Too seldom do we hear the moral case that it is wrong for today’s generation of Britons to over-consume and rely upon future generations to foot the bill for this profligacy. The government has yet to challenge conclusively the contention that devoting huge swathes of taxpayer cash to tackling ‘social inequality’ through a lumbering welfare system is more caring than one which believes in empowering the individual. Nor has it sufficiently defended itself against its opponents’ class war politics. Instead we acquiesce in higher taxes on the wealthy without making clear the practical reasons why, in an age of global mobility, the brightest and best of our people will simply leave these shores if their plans to create wealth and promote enterprise are stifled.
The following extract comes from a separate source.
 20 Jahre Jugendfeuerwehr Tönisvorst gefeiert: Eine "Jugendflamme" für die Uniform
The harsh reality is that we are still collectively spending far beyond our means. This year public borrowing is likely once again to exceed £125bn (in stark terms this equates to £1 in every £5 that government spends continuing to be borrowed). Over the past fifteen years the drivers of headline economic growth have been private borrowing (both a property- and credit-driven boom) and huge increases in public spending (financed even before the global economic crisis by unsustainable debt). Complacently this led to the ramping up of public spending up to and well beyond the illusory expansion in the tax base driven by rising property values. If this were not serious enough, the conventional wisdom of the age has promoted a culture of entitlement and demand for ‘fairness’ that exists, unchallenged, to this day. Near zero interest rates in the West have enabled Alice in Wonderland economics to persist. For now.
Here in the UK we must now swiftly end this state of denial over the true state of our national economy. The most destructive delusion that threatens to undermine future prosperity is the keen sense of collective and individual entitlement which was fostered under the last government. This has resulted in every departmental expenditure cut announced during the past year being portrayed by vocal interest groups as unconscionable, unworkable or immoral.
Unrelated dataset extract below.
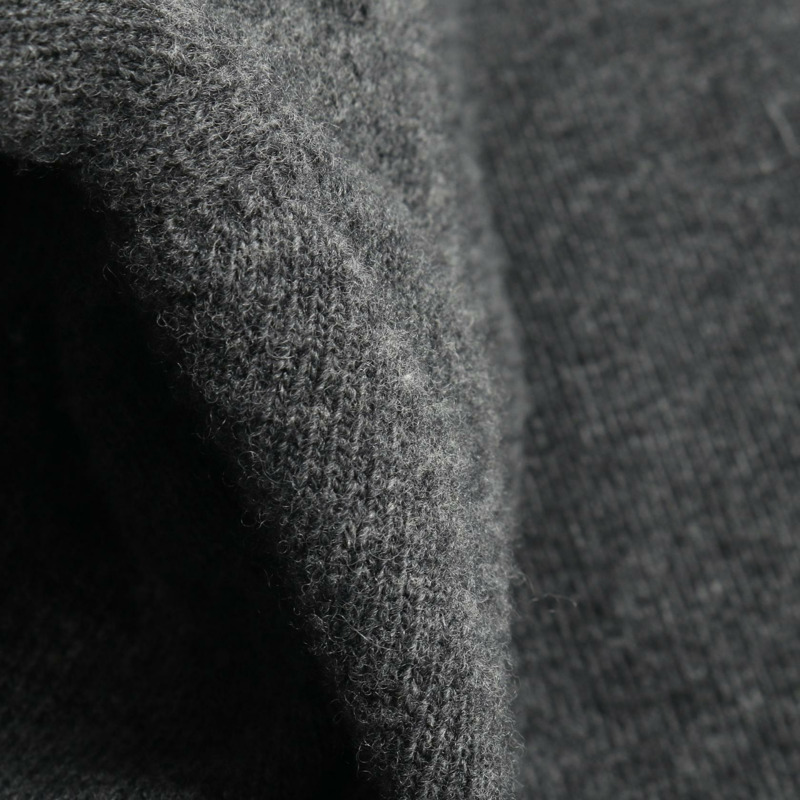 Miu Miu 羊毛灰色開襟毛衣，二手男款 #46-5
Meanwhile, the politics of envy has returned with a vengeance to domestic political discourse. The urgent task of any government serious about rapid economic recovery is to effect a sea change in these attitudes. In truth the UK and its citizens have an automatic entitlement neither to relentlessly higher living standards nor an ever generous welfare state. The latter was created as a reward after the huge communal efforts of winning a World War, but must now adapt to the rigours of a highly competitive global economy. Lifestyle improvements must be earned if future generations of Britons are to enjoy the opportunities and possibilities that we have for too long taken for granted. Nor does this apply solely to the economy.
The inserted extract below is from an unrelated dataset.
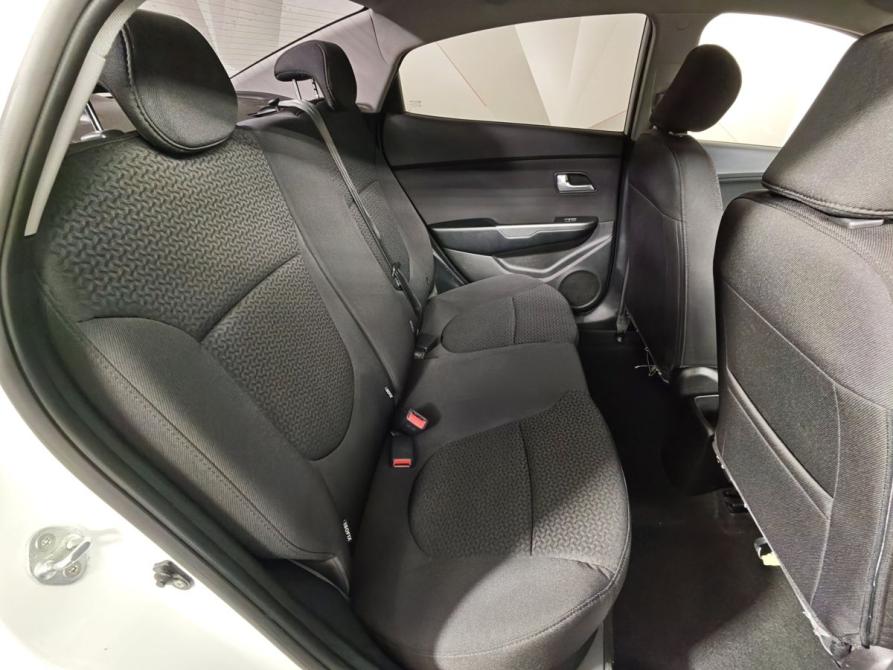 Kia Rio III Москва  - изображение 15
Following this summer’s riots, David Cameron returned to one of his earliest (and most authentic and passionate) themes, “The Broken Society”. However, much of his ambitious programme of welfare and community reform is unachievable without the repeal of the Human Rights Act, one of the most toxic pillars of the Blair/Brown legacy. Finally, if one believes much of the media coverage, the spirit of this age is uncompromisingly ugly for those of us who instinctively support capitalism, free markets and global trade. There remains an open hostility (all too frequently expressed by coalition representatives) to banks, bankers, big business, the wealthy, private education, private health and the profit motive. Changing this mindset requires clear-sighted political leadership. As a matter of urgency government needs unapologetically to make the case for individual empowerment, promoting responsibility, efficiency and living within our means.